A princípio, causa espanto o fornecimento de informações fiscais de contribuintes a uma empresa privada cujo objeto social é justamente a venda de informações dos cidadãos economicamente ativos.

Diante disso, a PGFN já se antecipou e esclareceu que as informações passadas à SERASA não estariam protegidas por sigilo fiscal – este garantido pela própria Constituição Federal (arts. 5°, X e XII), o qual é representativo de direito fundamental inviolável. Segundo o órgão, isso se dá por conta da previsão do art. 198, § 3°, II do CTN, que excetua a dívida ativa como albergada pela proteção constitucional do sigilo fiscal. Ainda, conforme a PGFN, essas informações já poderiam, inclusive, ser consultadas na internet por qualquer um que deseje saber se determinado contribuinte está com débito federal inscrito na dívida ativa da União. Basta saber seu CPF ou CNPJ.

Há brutais ilegalidades e inconstitucionalidades contidas neste acordo. É que as informações até podem ser públicas, mas isso não significa que possam ser compartilhadas como se “produto” fosse para auferir vantagens econômicas e mesmo eventualmente jurídicas.

É certo, contudo, que, à luz da Constituição Federal, esta verdadeira relativização do sigilo fiscal, não prevista nestes termos no Código Tributário Nacional (art. 198, §3°, II), não autoriza que essas informações sejam utilizadas como insumo a uma organização privada, cujo objeto social consiste no processamento de dados e venda de informações categorizadas e sistematizadas, cujo controle da utilização é perdido a partir daí. Aliás, é ver-se o escândalo da utilização sub-reptícia de dados e informações das pessoas (Facebook), para concluir-se que se dá um passo enorme em direção ao ferimento da garantia fundamental da privacidade e do sigilo de dados fiscais.

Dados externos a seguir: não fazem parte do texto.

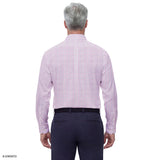 Izod Mens Dress Shirt All Over Stretch Long Sleeve Plaid Button Down Dress Shirt Purple 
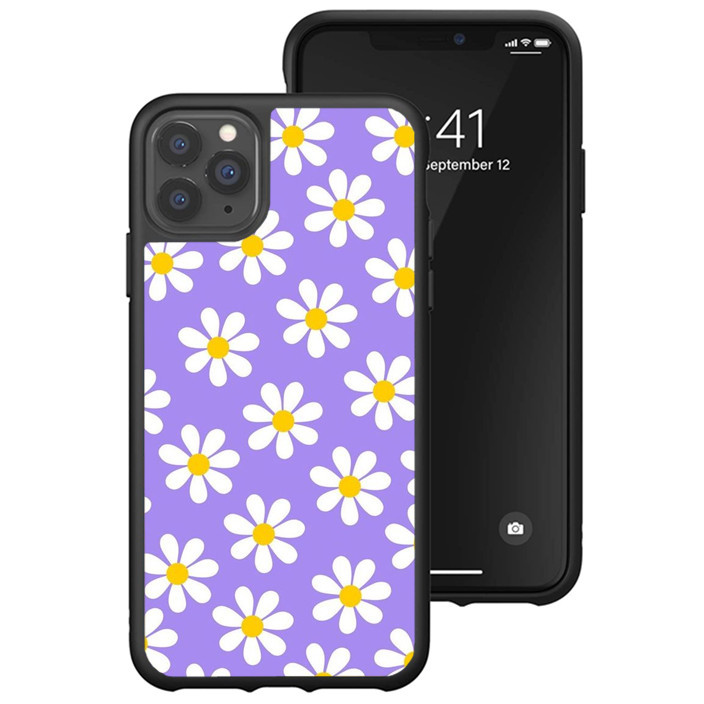 Hybrid Case iPhone 15 14 13 12 11 Pro Max Plus Mini XR Flower violet FLN0012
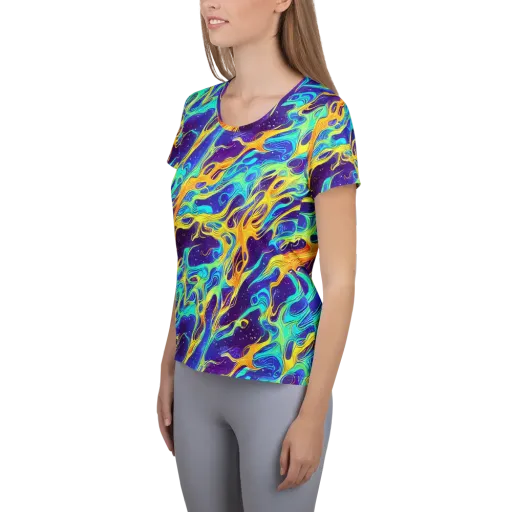 Prism Orbit on a Women's Athletic T-Shirt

Ainda, é certo que há manifesta imoralidade em conceder ao SERASA dito insumo, a saber: a base de dados da PGFN com informações completas e atualizadas (diariamente, diga-se, ainda que nem sempre de forma correta) de todos os supostos devedores da União. Portanto, com o ferramental eletrônico de que dispõe o SERASA, o processamento dessa “big data” trará novos produtos que serão vendidos às instituições de crédito, com base em estatísticas mais precisas que a de qualquer outro player do mercado – o que lhe trará inegável vantagem econômica.

E mais, é certa a violação da intimidade dos contribuintes (protegida pelo art. 5°, X, da CF), tendo em vista que essa vulneração em massa das suas informações acarretará maior dificuldade na obtenção de crédito perante as instituições que se utilizam dos serviços do SERASA.

Por fim, destaque-se que, além de imoral (que por si só já fere o caput do art. 37 da CF/88), o ato é manifestamente ilegal e inconstitucional, pois a Constituição Federal exige que a atuação da administração pública esteja vinculada à lei (arts. 37 e 5°, II, da CF/88) e, no momento, não há lei vigente que autorize o pretenso compartilhamento de informações. De fato, a lei que se prestará para tanto é a Lei Geral de Proteção de Dados, Lei n° 13.709/2018, a qual já foi publicada, mas somente entrará em vigor em 20 de dezembro de 2020, de modo que o ato não está embasado por qualquer lei que autorize a PGFN a praticá-lo.

Nessa ótica, entendemos que é possível questionar, em Juízo, a constitucionalidade e a legalidade do Acordo de Cooperação Técnica n° 001/2017, firmado entre a PGFN e a SERASA S.A, em especial naquilo que possa causar lesões concretas na esfera jurídica dos contribuintes.